Reducing Usenet Bandwidth

Hi all,
as we all know Usenet traffic is always increasing, a large number of
people take full feeds which on my servers is about 35Mb of continuous
bandwidth in/out. That produces about 300Gb per day of which only a small
fraction ever gets downloaded.

The question is, and apologies if I am behind the times, I'm not an expert
on news... how is it possible to reduce bandwidth used occupied by news:

a) Internally to a network
If I site multiple peer servers at exchange and peering points then they
all exchange traffic, all inter and intra site circuits are filled to the
above 35Mb level.

b) Externally such as at public peering exchange points
If theres 100 networks at an exchange point and half exchange a full feed
thats 35x50x2 = 3500Mb of traffic flowing across the exchange peering LAN.

For the peering point question I'm thinking some kind of multicast thing,
internally I've no suggestions other than perhaps only exchanging message
ids between peer servers, hence giving back a partial feed to the local
box's external peers.

Any thoughts?

TIA

Steve

There were people that did multicast injection of usenet
then it deencapsulated the news and fed it to rnews.
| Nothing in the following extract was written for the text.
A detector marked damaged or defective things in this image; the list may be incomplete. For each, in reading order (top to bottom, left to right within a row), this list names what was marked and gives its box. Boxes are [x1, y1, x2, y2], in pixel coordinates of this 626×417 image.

What happened
is that a number of people migrated to Cyclone/Typhoon and other
news transport software that did not allow this (easily).
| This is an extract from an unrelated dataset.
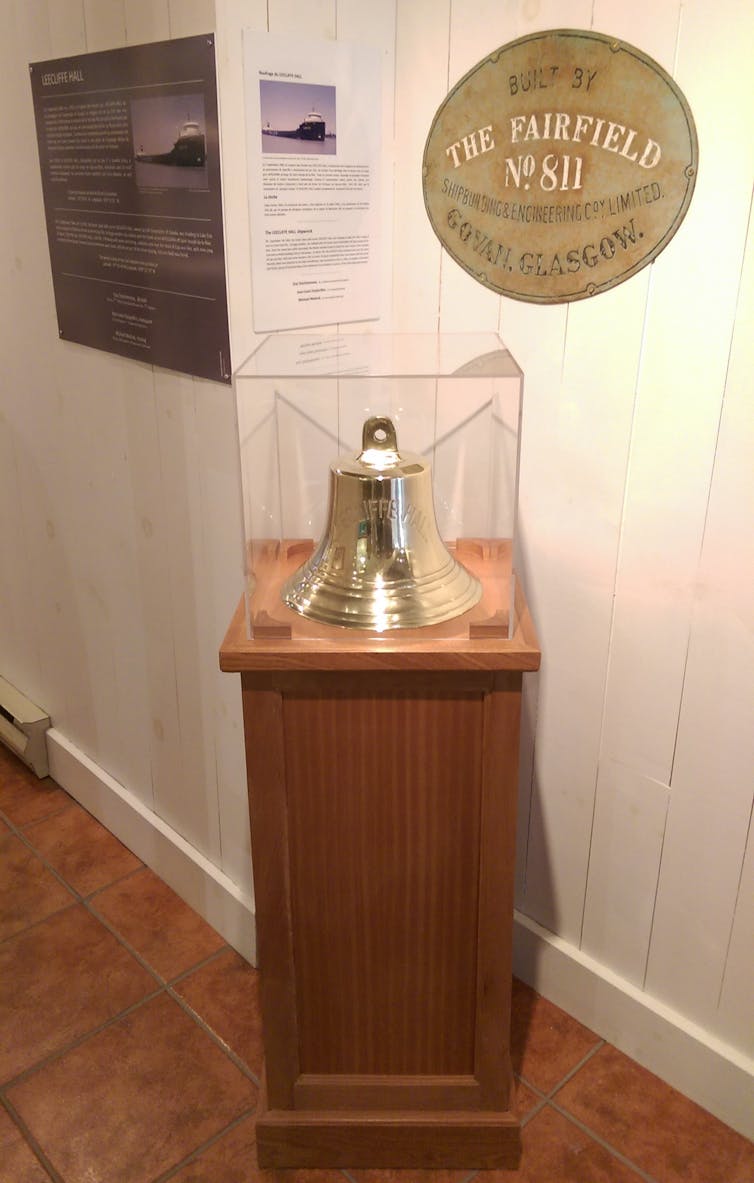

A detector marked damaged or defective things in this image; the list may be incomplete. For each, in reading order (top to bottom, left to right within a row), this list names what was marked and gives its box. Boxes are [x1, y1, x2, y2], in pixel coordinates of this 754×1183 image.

rusty metal plate [421, 31, 696, 302]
  (most) major providers have multicast avaiable to customers and
internally. The people running the news servers just need to create
a delivery method that allows the articles to be passed around that way
and all will be taken care of.

  The disadvantage is that it would potentially allow spammers
to inject massive amounts of articles and servers would
have to reject them based on some filtering criteria or just
get the multicast access removed for such a customer. I actually don't
see them being that bright so I wouldn't worry too much about that.

  - Jared

Abolish all binary posts / binaries groups. IMO, posting binaries to
usenet is a throw back to the days of low speed networks and few people
having the capability to put up their own FTP/HTTP accessible files.

These days, it's just abused as a free warez network and free porn
hosting/advertising. How else can you send MS Office or 100MB of porn
jpegs or mgegs to thousands of people for basically free[1]?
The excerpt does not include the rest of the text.